Image-caption web data
┌────────
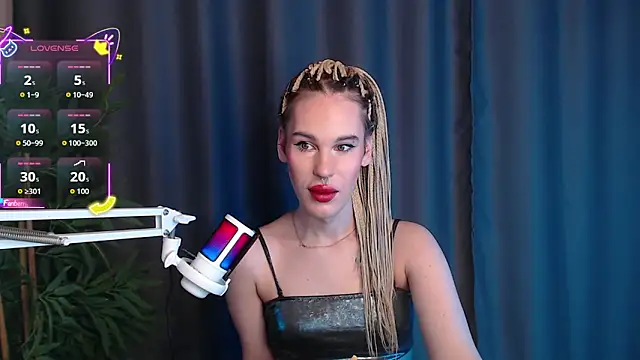 Cassie Bae online show from December 20, 2025, 7:44 am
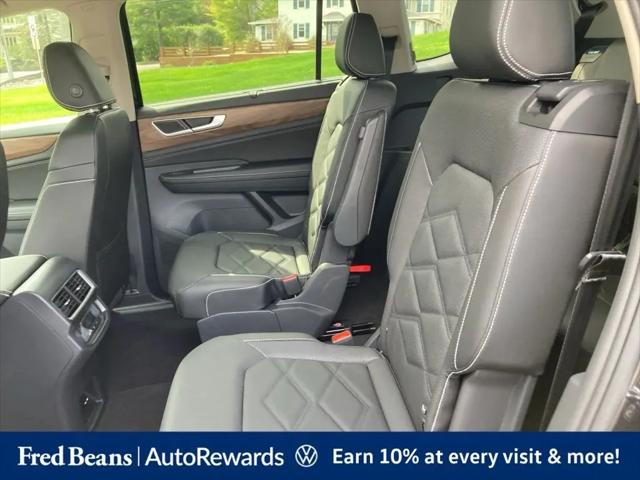 2026 Volkswagen Atlas SE with Technology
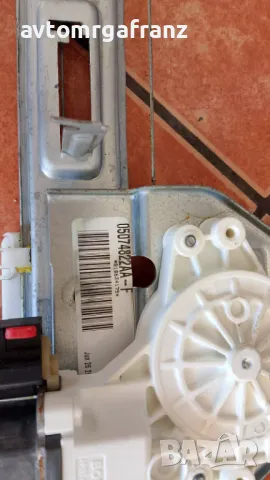 05074822AA-F СТЪКЛОПОВДИГАЧ ЗАДЕН ДЕСЕН ЗА JEEP COMPASS 2013г., снимка 2 - Части - 50020844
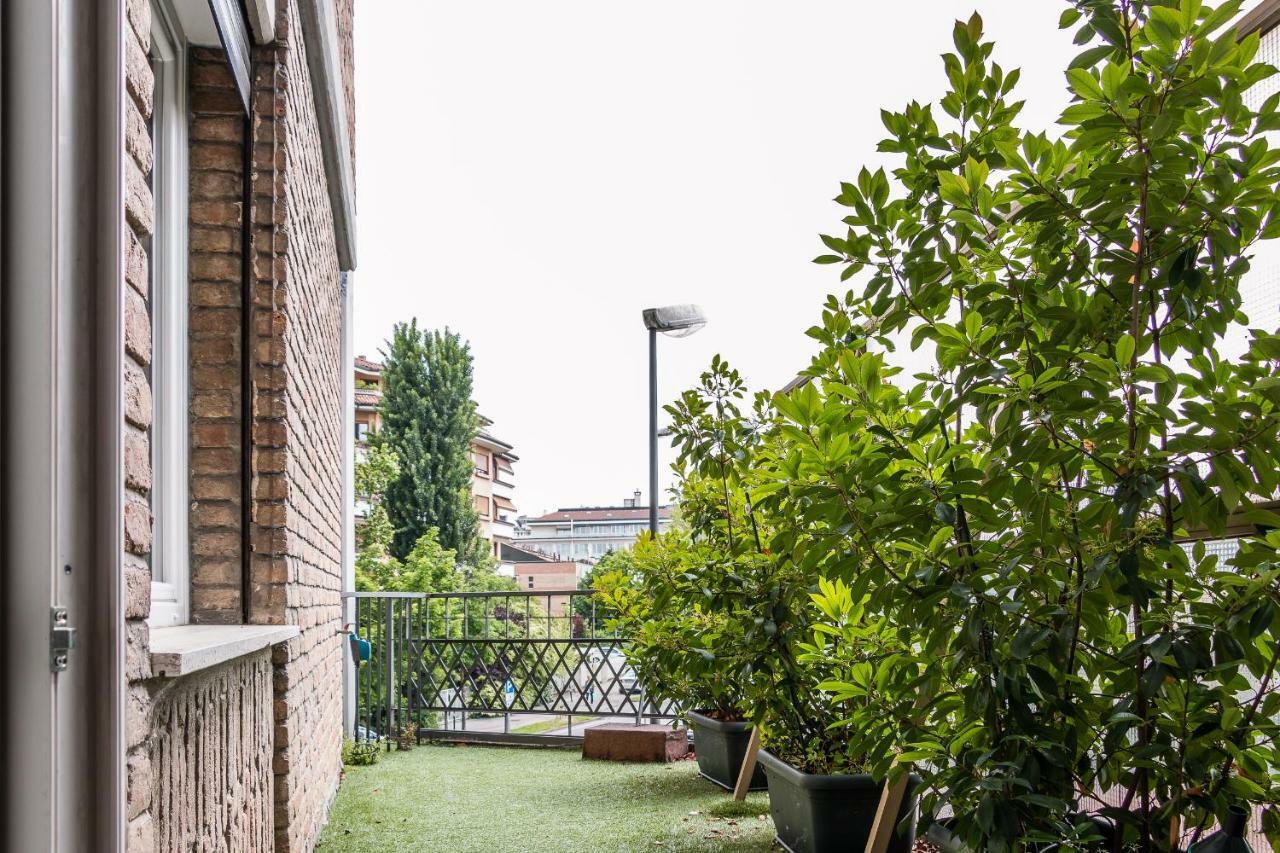 Color Notes Close To @Treviso Train Station Exterior photo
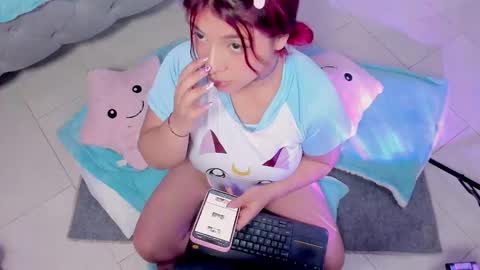 Snapshot of kathia_saenz chatting on 18, 2, 2025 Kathia  online show from 18, 2, 2025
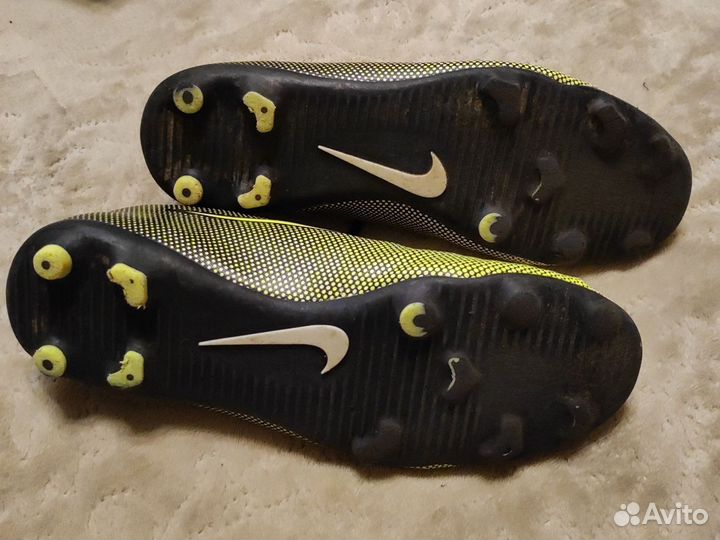 Футбольные бутсы nike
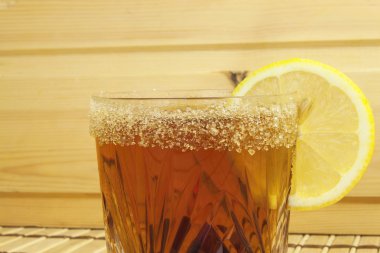 Kiraz rum ile gözlüklü. Yaz serinlemek için kokteyl hazırlama. Kamışı ROM ve şeker. İçinde ROM turşusu ekşi.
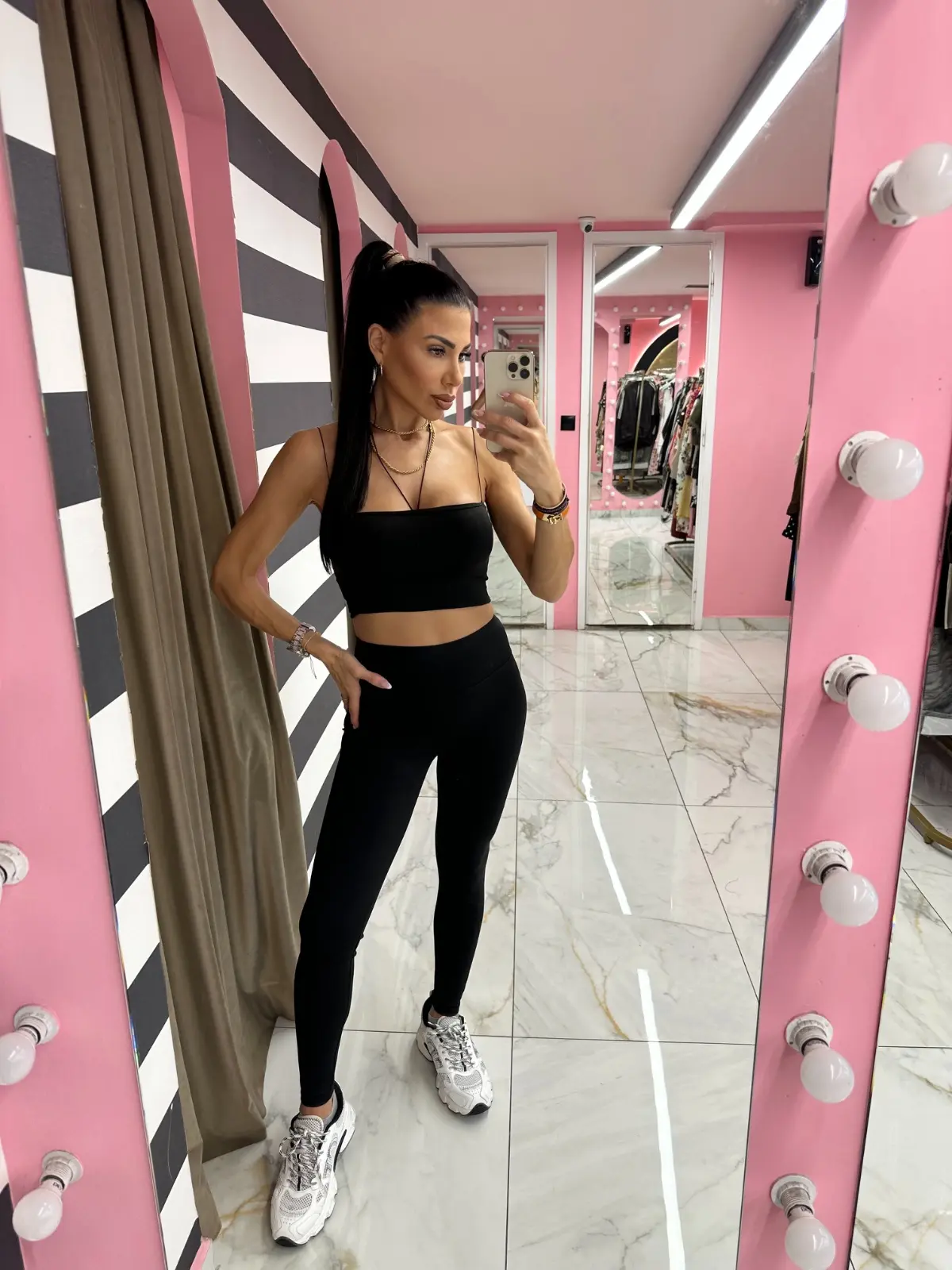 img_6aa55845deebe0.75889199 Second Skin Leggings - Image 1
└────────
■ YOUR OBJECTIVE
Transcribe the lines that run from the line bearing "Snapshot of kathia_saenz" through the last line of the data. Keep the wording exact and leave out every picture.

■ TASK RESPONSE
 Snapshot of kathia_saenz chatting on 18, 2, 2025 Kathia  online show from 18, 2, 2025
 Футбольные бутсы nike
 Kiraz rum ile gözlüklü. Yaz serinlemek için kokteyl hazırlama. Kamışı ROM ve şeker. İçinde ROM turşusu ekşi.
 img_6aa55845deebe0.75889199 Second Skin Leggings - Image 1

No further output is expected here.